The number of Missouri hospital emergency department visits in rural counties for mental health and substance use disorders grew by more than 14,000 per year from 2009-19. Rural Missourians made about 44,000 emergency department visits in 2019 for behavioral health issues.

“Our hospital emergency rooms are becoming the de facto care outlet for folks in mental health crisis,” Reidhead said.

Stacey Williams, a DMH suicide prevention coordinator, followed Reidhead on Thursday, updating the commission on the agency’s efforts to reduce suicidality in rural Missouri.

For a few years, the agency has operated a program called “Help Him Stay” to address the high number of suicides in middle-age men. (About 380 Missouri men ages 35-60 die by suicide each year.) The program may be found online at

Help Him Stay offers a confidential “lifeline” 24 hours a day, seven days a week at 1-800-273-8255. Staff working the lifeline can help callers through crises and put them in touch with nearby resources.

The program uses billboards, social media messaging and other resources to reach out to men in rural communities.

“(It’s) just to encourage folks to reach out to talk to someone — to anyone,” Williams said. “Talk to someone who can say, ‘I have been through this and I reached out and that helped me — just talking about it.’”

The staff member may not necessarily encourage a hospital visit, but may inspire the caller to speak to someone close to them.

As the agency developed the campaign, it consulted a focus group of men.

“(The men in the group) said they wanted something that would be really easy to pick up in a local business,” Williams said. “Something they could easily stick in their pocket or wallet — which wasn’t a big flyer that was easy to see.”

So the DMH developed business cards. DMH gives the cards in mass quantities to its 10 prevention centers — places like Community Partnership of the Ozarks in Springfield, FCC Behavioral Health in southern Missouri and Compass Health Network (with locations across Missouri, including Jefferson City, and others).

The prevention centers give the cards to community coalitions, which disperse them at convenience stores, feed lots, grain lots and other sites.

People seem to love them, Williams said.

“Suicidal thoughts are treatable,” the card says on one side.
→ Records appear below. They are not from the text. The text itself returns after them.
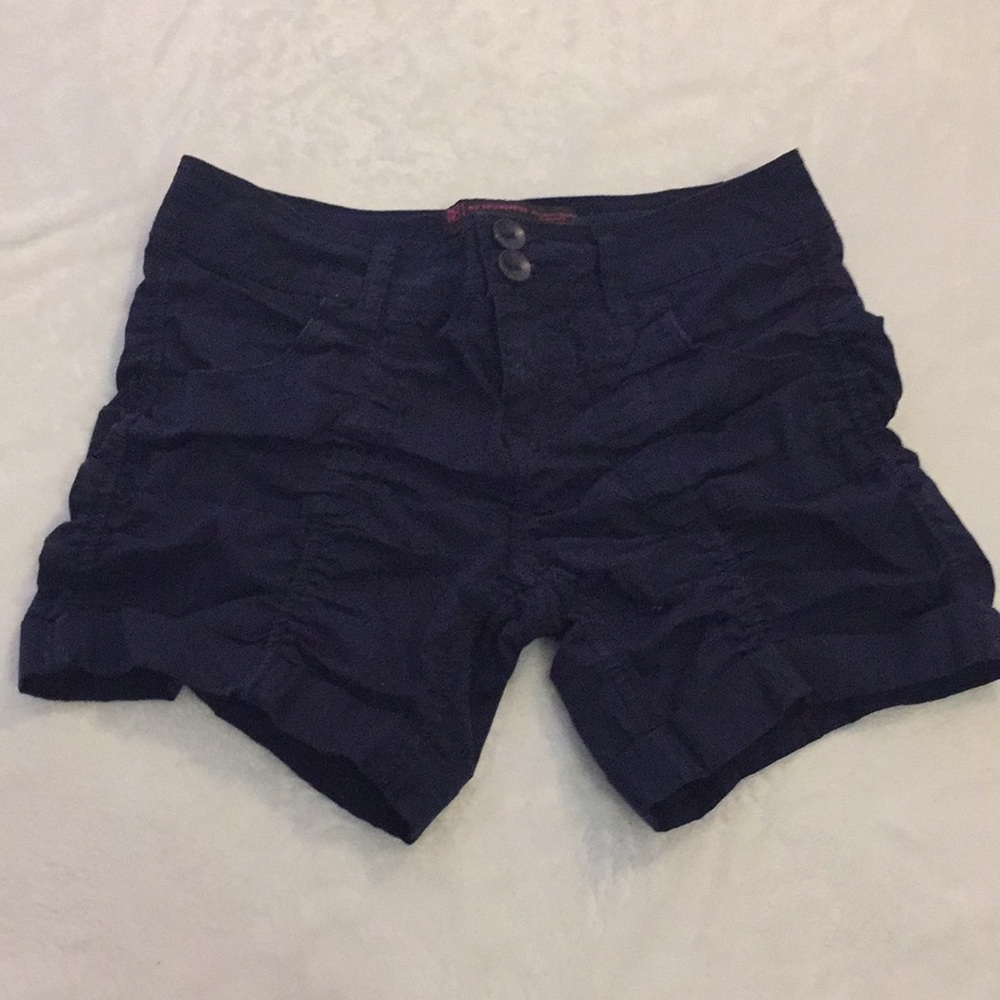Navy cargo like shorts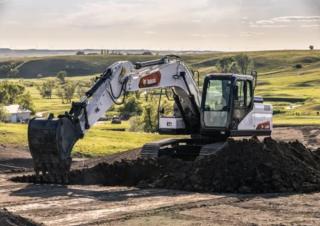 Excavatoare pe șenile Bobcat E165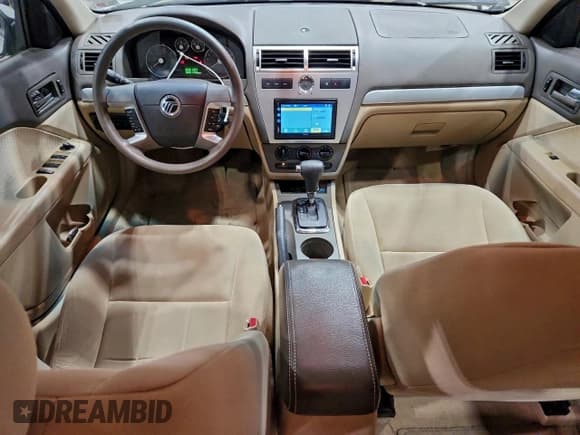 ✅ 2008 Mercury Milan • VIN: 3MEHM07108R602560 • Lot: 94325405. Listed on Copart with 77,116 mi. Free auction sales archive from the USA and detailed vehicle history report at DreamBid. Image 8.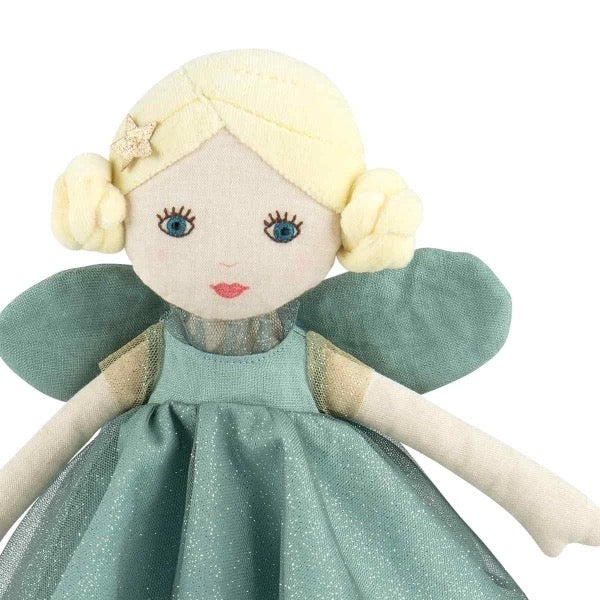 Moulin Roty Puppe Fee Ondine – grün, 45 cm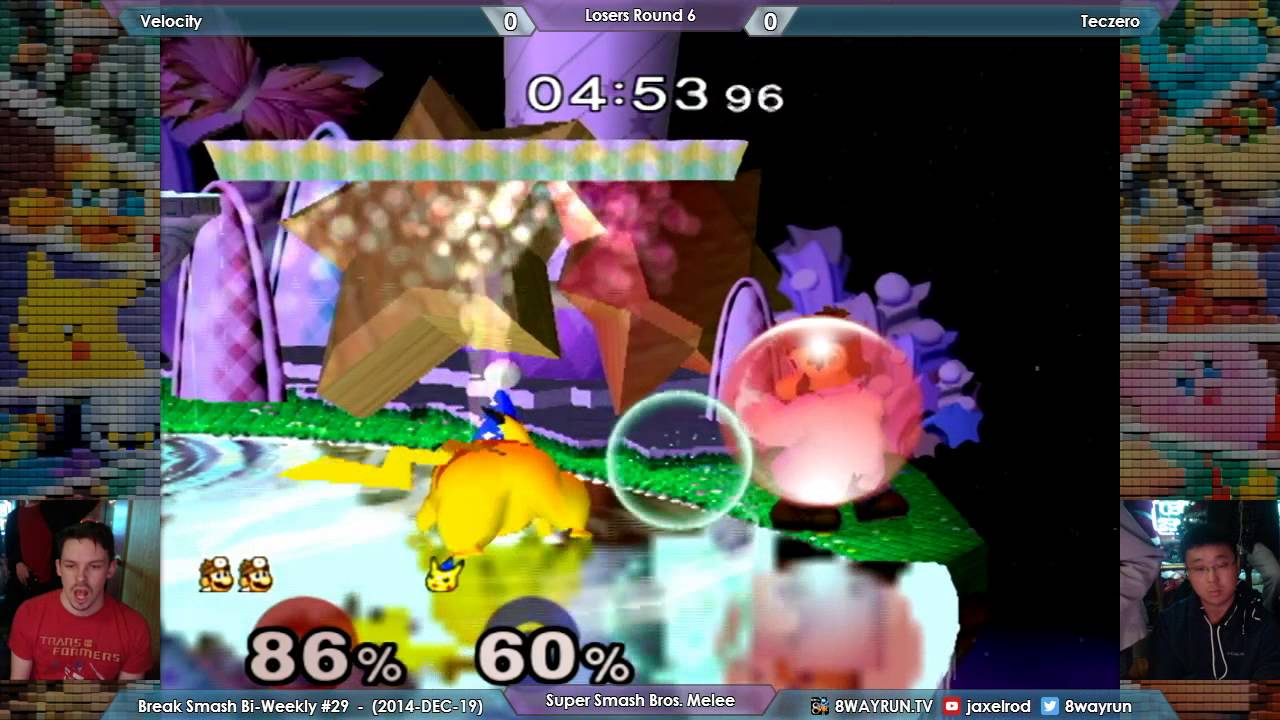 Break Smash #29   SSBM L6   Velocity VS Teczero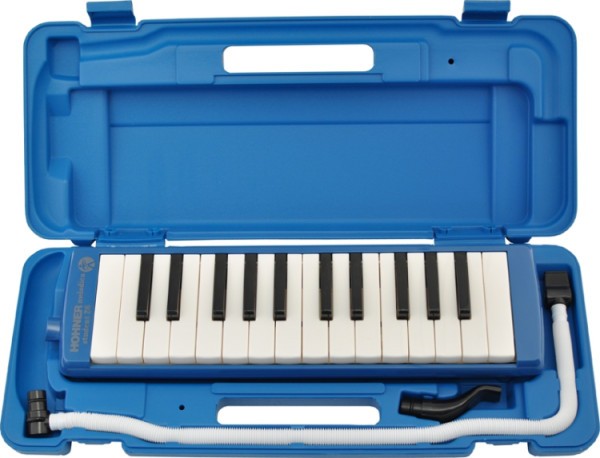 Hohner Student Melodica 26 Tasten in blau inkl. Anblasschlauch ABVERKAUF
The other side says, “Suicide can be prevented. It means knowing what to do when you or someone you know is going through a difficult time. It means knowing how and where to get help. Help is available. For free, confidential assistance 24 hours a day/seven days a week, you can call the National Suicide Prevention Lifeline. The lifeline can help you get through an immediate crisis and put you in touch with resources in your community.”

Both sides also contain the 800 number.

The organization is also training rural health providers in “Zero Suicide” approaches. It intends to expand the program and provide it for more primary care and hospital sites in rural communities, Williams said.

The report helps DMH identify where resources are needed, Director Mark Stringer said.

“The things we’re doing in response (to the rural mental health crisis) meet challenges,” Stringer said. “One of the biggest challenges we have is workforce. There are simply not enough mental health professionals.”

With 57 of Missouri’s 99 counties lacking any psychiatrists or psychologists, telehealth will be a big part of the solution — and already is in some locations, Stringer said. Telehealth allows health care providers in one location to serve patients in rural locations via the internet.

“It’s telehealth, and it’s the use of people who are in recovery themselves, who are reaching out to farmers and making those connections (that are going to provide better outcomes),” Stringer said.

DMH has to make every effort to reach people, he said.

“We’re doing everything we can along those lines,” he continued. “It just takes time. It takes persistence. It takes all the creative thinking we can muster to help find solutions.”